今クルチアはミツキと、協会内のATMコーナーにいる。 ATMは魔力で動く据え置き型の魔道具。 現金の預け入れと払い出しを行える便利な魔道具だ。


クルチアは預金から6万モンヌを引き出し、さっき窓口で受け取った4万モンヌと束ねた。

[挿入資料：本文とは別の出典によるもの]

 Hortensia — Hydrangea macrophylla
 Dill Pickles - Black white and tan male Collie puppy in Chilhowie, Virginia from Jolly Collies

「ミツキ、10万モンヌあるわ。 生活費の足しにしなさい」


受け取りながらミツキは尋ねる。


「くれるの?」


「あなたのおカネでもあるのよ。 これまでのモンスター退治で稼いだおカネだから」


武具を買い替えるためクルチアが積み立てていたおカネの一部だ。


10万モンヌを受け取り、ミツキは自分の全財産を計算する。 自宅にある現金が20万モンヌ、妖精コインが3枚、そして手元の10万モンヌ。 これだけで中学を卒業するまで保つのだろうか?


ミツキの不安そうな横顔にクルチアは胸を痛める。


「大丈夫よミツキ。 大丈夫だから」


どう大丈夫なのか、クルチアは具体的に言えなかった。


          ◇◆◇◆◇


クルチアはハンター協会のロッカーに武具を預け、非武装の市民と同じ身軽な装いになった。


「さ、早く帰りましょ」


家路につくクルチアとミツキ。 もはや完全に夜。 食事をしたにしても遅い時刻。


(今日はさすがに遅くなりすぎた)


クルチアは母親に叱られる覚悟を固める。 ことによれば父親が帰宅していて厳しく叱られかねない。


(できればママに叱られたい)


クルチアは歩調を早めた。


隣を歩くミツキは、無言でクルチアに合わせてペースを早める。 協会を出てから彼は口数が少ない。 戦闘後のウザかった彼とは、まるで別人。 クルチアを助けた後でクルチアに威張るのは楽しかった。 レストランでの食事も美味しかった。 でも今、誰もいない家に戻り寂しく不安な夜を過ごす時が訪れようとしている。


           ◇◆◇


家の前の道端でクルチアと別れ、ミツキは誰もいない自宅に戻った。 一人きりの家の中で、別れ際のクルチアの言葉が耳の中で響く。 じゃあねミツキ、また明日。 クルチアといる間は、ずっと賑やかだった気がする。


ミツキは玄関に立ち、ジャージのポケットから財布を取り出した。 財布は珍しく厚みを帯びている。 ハンター協会でクルチアがくれた10万モンヌの厚みだ。 ミツキは財布を胸に抱き、寂しさを耐え忍ぼうとした。